Davon ist das Team von Trainer Rudi Mirtic aktuell allerdings ein gutes Stück entfernt. Nach den ersten 14 Spielen sind die Langenfelder lediglich Vierter und haben derzeit acht Punkte Rückstand auf den Spitzenreiter 1. Spvg. Solingen-Wald 03. In der Kreisliga, in der die Spitzenmannschaften tendenziell eher selten Punkte liegenlassen, ist das schon ein ziemlich großer Abstand. „Wir müssen uns vorwerfen lassen, dass wir die Ziele, die wir uns gesteckt haben, bisher nicht gehalten haben. Da müssen wir uns auch als Trainerteam fragen, was wir falsch gemacht haben“, sagt Tuspo-Trainer Mirtic.

Dabei sah es in den ersten Spielen erst einmal so aus, als könnten die Richrather den eigenen hohen Erwartungen durchaus gerecht werden: Gegen den DV Solingen II (8:1), Anadolu-Munzur Solingen (9:1) und den VfL Witzhelden (6:1) feierten die Langenfelder drei Kantersiege. Und auch wenn sich die drei Gegner letztendlich in der unteren Tabellenhälfte einsortierten, hatte Tuspo dennoch ein Zeichen ausgesendet an die Konkurrenz. Auch in der Folge lief es weiterhin rund und abgesehen vom 3:3-Unentschieden beim FC Monheim II blieb die Richrather Weste bis zum achten Spieltag sauber. Auffällig war aber auch in dieser Phase bereits, dass es Tuspo selbst gegen die vermeintlich schwachen Gegner kein einziges Mal gelang, zu Null zu spielen. Beim BV Bergisch-Neukirchen kassierte die Mirtic-Elf in einer wilden Partie sogar fünf Gegentore und ging beim 8:5-Erfolg nur wegen einer bärenstarken Offensivleistung als Sieger vom Platz.

Der Bruch erfolgte schließlich am achten Spieltag beim TSV Solingen II: Torjäger Alen Vincazovic schien die Richrather mit seinem späten Treffer zum 3:2 doch noch vor einem Punktverlust bewahrt zu haben, doch Aufderhöhe schoss in der Schlussminute den 3:3-Ausgleich. Zu allem Überfluss zog sich Kevin Kluthe, mit 25 Torbeteiligungen Tuspos Top-Scorer, in dieser Partie eine Knieverletzung zu, die ihm in den folgenden Wochen noch zu schaffen machen sollte – und Richrath seiner vielleicht gefährlichsten Waffe beraubte. Im darauffolgenden Spitzenspiel gegen Solingen-Wald wirkte Kluthe unter Schmerzen zwar noch mit und erzielte sogar ein Tor, am Ende unterlag Richrath aber mit 1:2 und musste die zu diesem Zeitpunkt verlustpunktfreien Solinger auf schon sieben Punkte davonziehen lassen. Der nächste Rückschlag folgte im Derby bei der Zweitvertretung des SSV Berghausen, in dem sich die Richrather mit 0:1 geschlagen geben mussten. Und als zwei Wochen danach auch der Gastauftritt beim 1. FC Solingen mit einer 1:4-Niederlage endete, war der Traum vom Aufstieg beinahe schon begraben. „Der Aufstieg wird eben nicht nur in den Spitzenspielen entschieden, sondern auch und vor allem in den vielen Spielen gegen Mannschaften, die in der Tabelle weiter hinten stehen“, sagt Mirtic.

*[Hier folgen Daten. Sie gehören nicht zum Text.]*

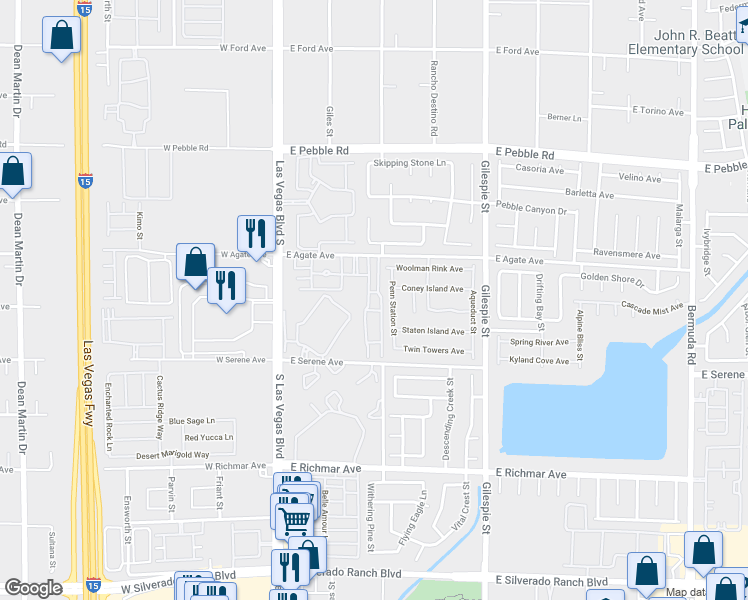 map of restaurants, bars, coffee shops, grocery stores, and more near 75 East Agate Avenue in Las Vegas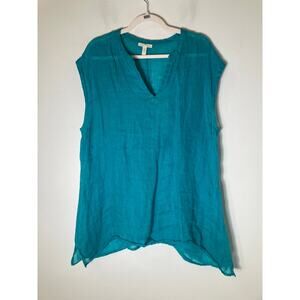 Eileen Fisher Teel Linen Gauze Top Sz L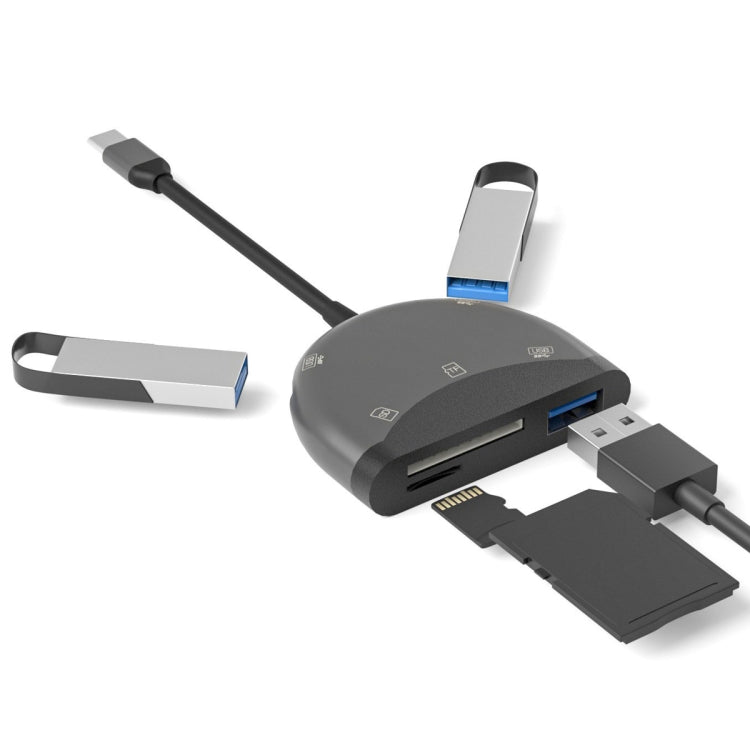 NK-3039 5in1 USB-C / Type-Cオス-TF/SDカードスロット＋3 USBメスアダプター、NK-3039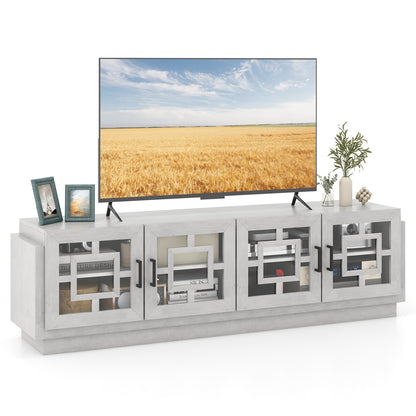 4-Door TV Stand for TVs up to 75 Inch Media Console Table with Adjustable Shelves-Oak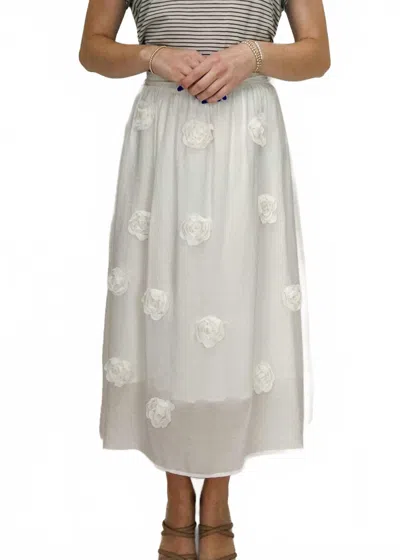 Astrid Falling For You Midi Skirt In White In Neutral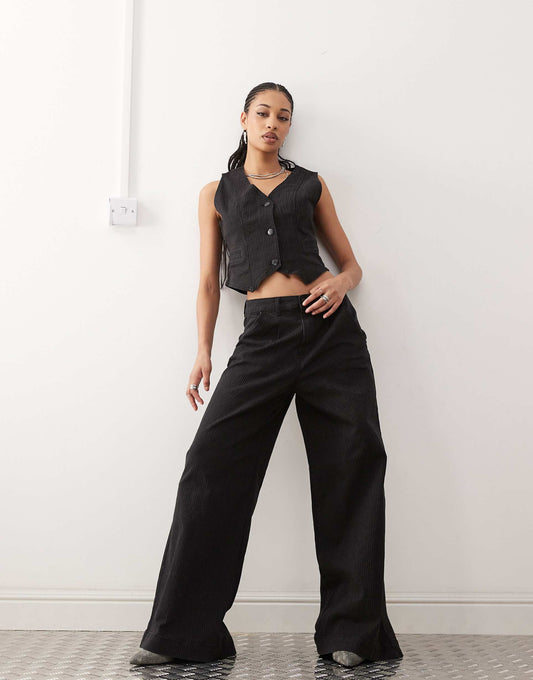 High Waisted Wide Leg Jean Co-Ord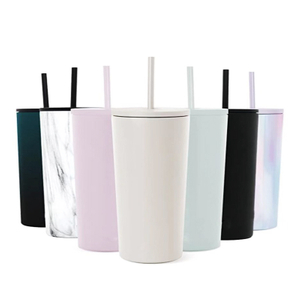 Copo isolado a vácuo de aço inoxidável de 12 onças com tampa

Am vergangenen Wochenende gab es dann aber wieder einen Hoffnungsschimmer: Gegen den zuvor elf Mal in Folge siegreichen Spitzenreiter BV Gräfrath setzten sich die Richrather durch zwei Kluthe-Treffer mit 2:0 durch und blieben dabei erstmals in dieser Saison ohne Gegentor. Zwar ist der Rückstand auf den neuen Tabellenführer Solingen-Wald (37 Punkte) mit acht Zählern immer noch beträchtlich – und selbst wenn die Solinger patzen sollten, wären eher der Tabellenzweite Monheim II und der Dritte Gräfrath (34) aktuell die heißeren Anwärter auf den Aufstieg. Doch könnte der Sieg im Spitzenspiel den Richrathern noch einmal den dringend benötigten Schwung geben. „Auch wenn wir zur Zeit nicht vom Aufstieg reden müssen, glaube ich persönlich immer noch daran, dass es noch eine Chance gibt. Sonst wäre ich auch falsch hier“, sagt Mirtic, der bis zum Winter wieder richtig Fahrt aufnehmen will.

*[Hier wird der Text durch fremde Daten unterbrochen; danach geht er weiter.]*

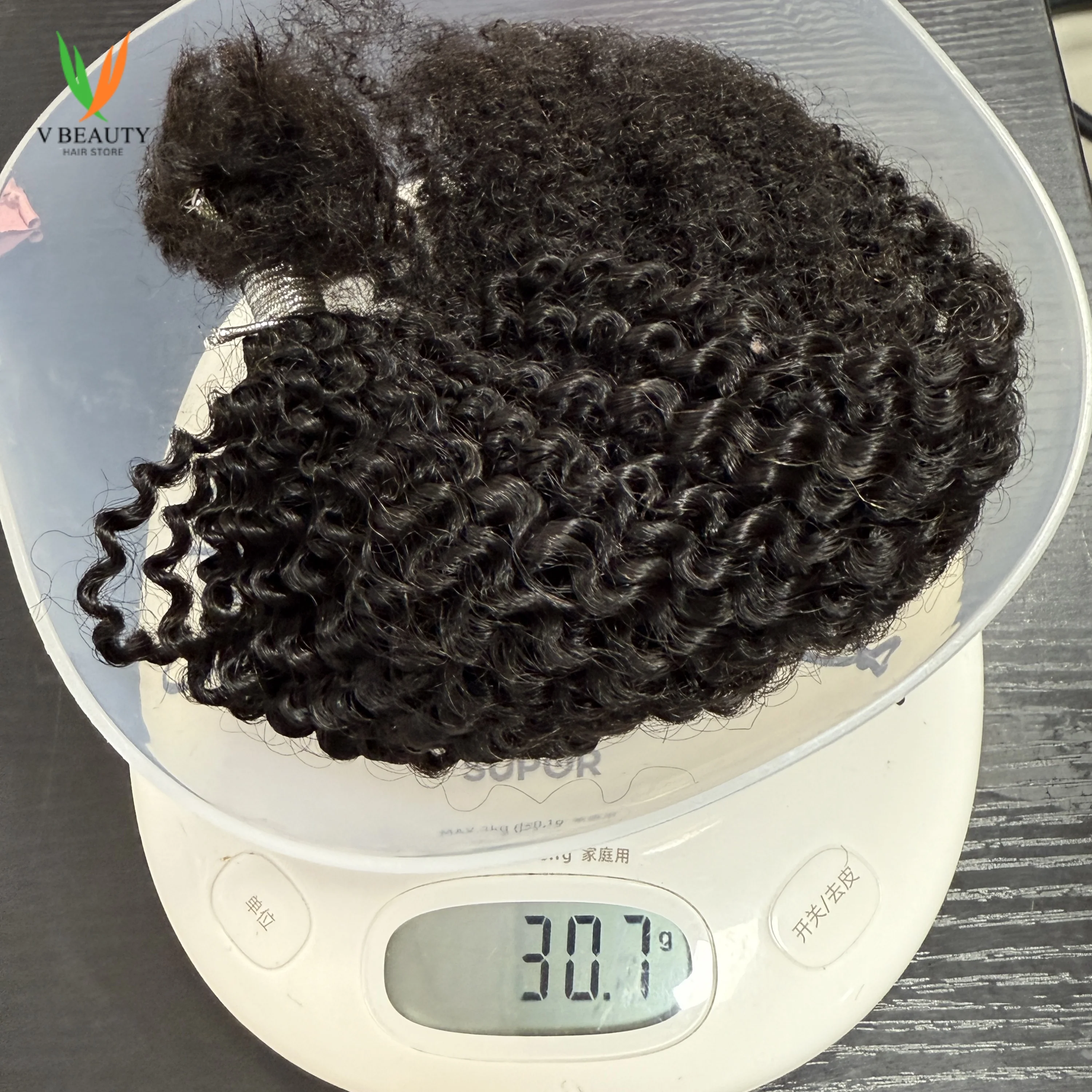 Vbeauty Afro Twist Soft Human Hair Braiding Extention 30g/pack Afro Kinky Curly Bulk Human Hair 4C Short Natural Black Color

Die kommenden Aufgaben beim Aufsteiger HSV Langenfeld II und gegen den Tabellenvorletzten TSV Solingen III scheinen dafür wie gemacht zu sein. „Die Saison ist noch lang, und wir werden weiterhin versuchen, unsere Spiele so erfolgreich wie möglich zu gestalten. Mal abwarten, wie es dann aussieht, wenn wir in die Winterpause gehen“, erklärt Mirtic. Bevor die Weihnachtsferien beginnen könnte es für die Richrather dann schon zum endgültigen Endspiel kommen, denn am 16. Dezember steht auf dem heimischen Platz am Schlagenberg das Rückspiel gegen Spitzenreiter Solingen-Wald auf dem Programm. Sollte sich der Tuspo bis dahin schadlos halten und dann womöglich im direkten Duell weitere Punkte gutmachen, es dürfte zum Jahreswechsel womöglich wieder geträumt werden in Richrath.